Hennessy didn't say so by name, but the fact that cable operators compete with Bell ExpressVu while revealing its numbers to corporate sister, Bell Globemedia-owned TSN, for example, is disconcerting and is one of the reasons that if the Commission is going to take the CAB's advice and look at audits and dispute resolution, a far more broader review is necessary.
"It's hard to have the regulated system we have with the competitive structure we have," he said. "There are cracks in the system arising from the competitive environment."
Below are the CAB's proposed audit principles:
(i) Intervals: programmers will have the right to audit Affiliates once per year.
(ii) Range: programmers will have the right to audit the Affiliate's records for the preceding 3 year period, where necessary, to verify that payments remitted accurately reflect subscriber levels and contractual terms. (Note: a period previously audited should not be re-audited unless new information has surfaced, or there are probable grounds to re-audit)
(iii) Choice of Auditor: programmers will have the right to send either staff or third-party auditors to conduct audits.
(iv) Confidentiality: programme providers participating in a group audit agree to have the selected auditor sign a confidentiality agreement ensuring that any and all information related to unaffiliated programmer providers or distributors shall not be disclosed to other parties.
(v) Interest on shortfall: affiliates will be assessed an interest charge where the audit uncovers a shortfall in remittances.

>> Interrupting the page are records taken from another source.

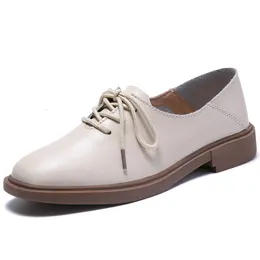 Slipper äkta läder oxfords skor moccasins fritid laceup brogues wingtips för damer hösten platt sneakers 231006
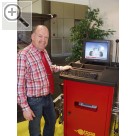 AMITEC 2006 in Leipzig Fredy Walther hat mit seiner Firma den Deutschlandvertrieb der geofix Achsmesscomputer von CEMB  bernommen.  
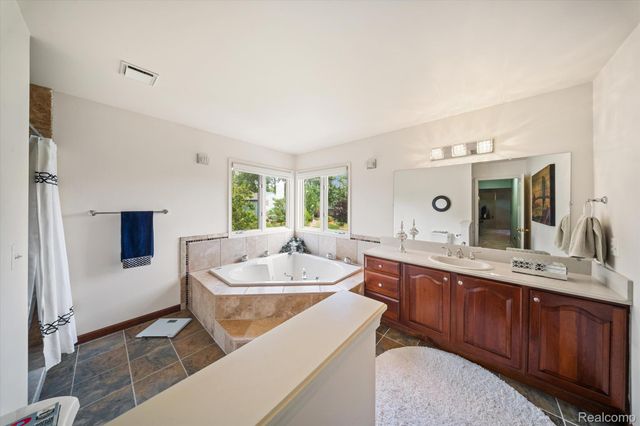 56764 Jewell Road, Shelby Charter Township, MI 48315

(vi) Notice period: within 60 days of notification by a programming service of its intent to audit, the affiliate must agree to a mutually acceptable date for the commencement of the audit.
(vii) Resolution: discrepancies will be resolved and settled within 30 days of receipt by the affiliate of the auditor's report.
(viii) Scope: the audit will establish whether affiliation payments were made in conformity to with affiliation agreements. As such, the scope of the audit might entail the reviewing and testing of any documents, business processes or information systems involved in the processing of affiliate payment information.
(ix) Administrative: programmers' auditor will have the right to retain copies of any documentation that directly serves to substantiate the auditor's conclusions. All relevant documentation, and the main point of contact, will be made available to the auditor as of the commencement of the audit.
(x) Pre-existing audit provisions: where audit provisions exist within existing affiliation agreements, those pre-existing provisions shall take precedence over the provisions contained within this framework.